■ **YOUR ASSIGNMENT**
Output the listing below verbatim, but drop the images.

■ **COLLECTED DATA**

=== Begin Enclosure ===

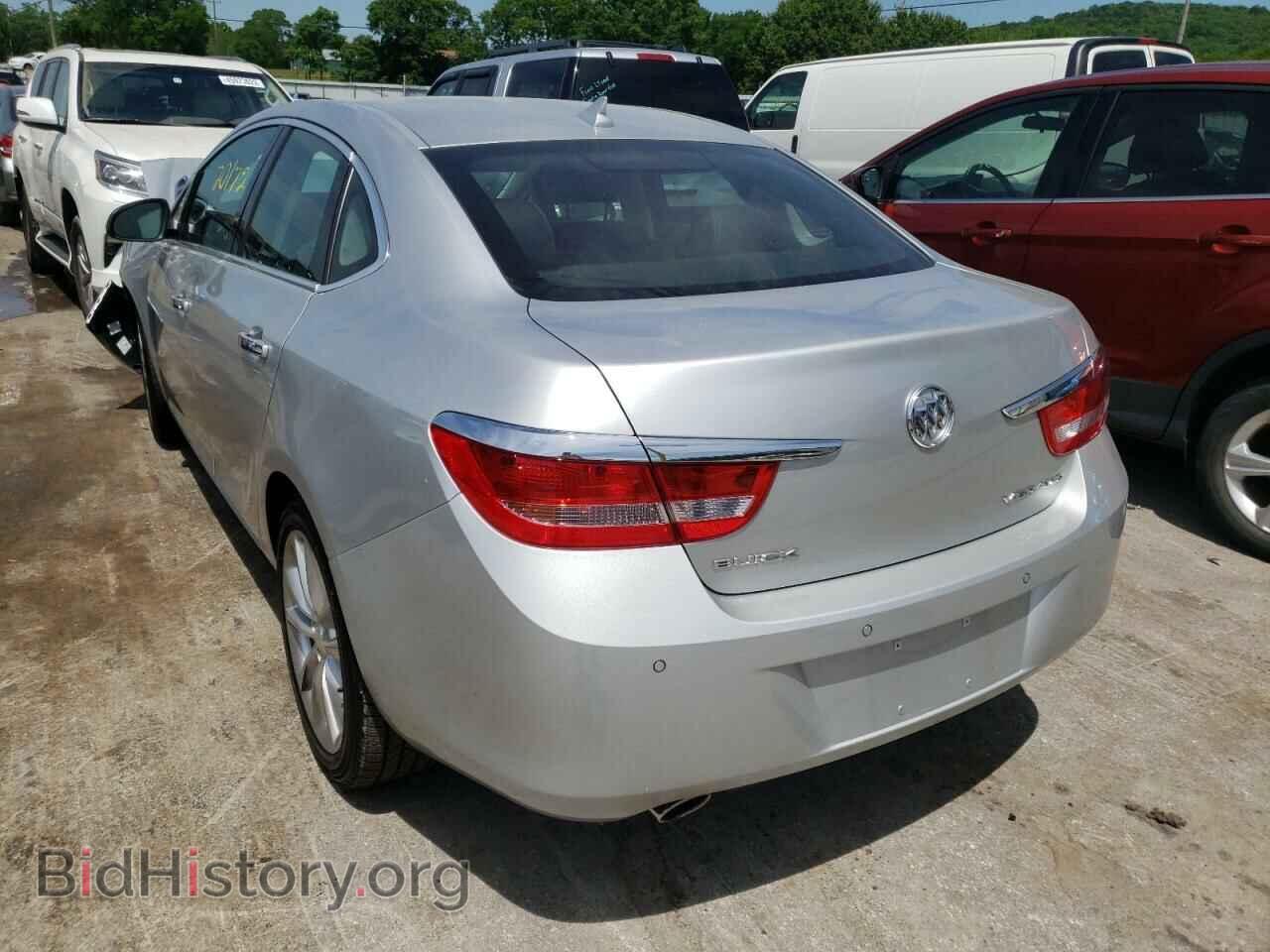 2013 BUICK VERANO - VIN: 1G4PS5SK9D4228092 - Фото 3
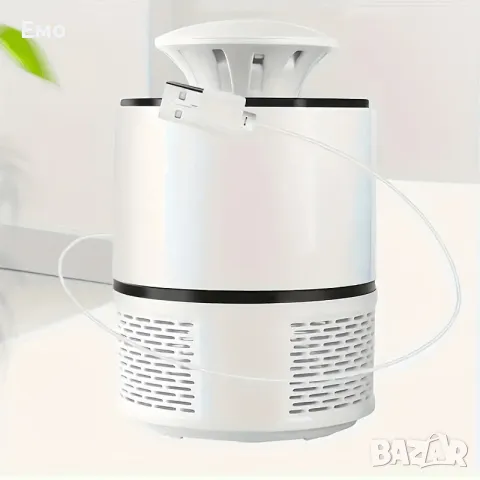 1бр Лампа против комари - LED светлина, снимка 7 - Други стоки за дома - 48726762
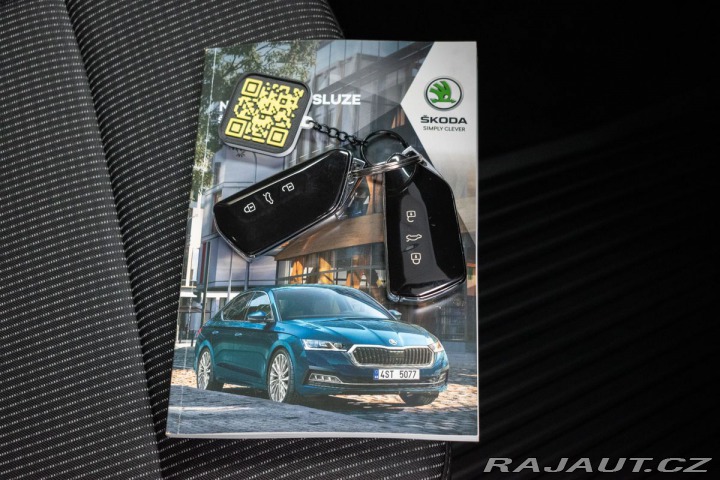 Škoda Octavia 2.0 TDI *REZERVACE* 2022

=== End Enclosure ===

■ **EXPECTED OUTPUT**
 2013 BUICK VERANO - VIN: 1G4PS5SK9D4228092 - Фото 3
 1бр Лампа против комари - LED светлина, снимка 7 - Други стоки за дома - 48726762
 Škoda Octavia 2.0 TDI *REZERVACE* 2022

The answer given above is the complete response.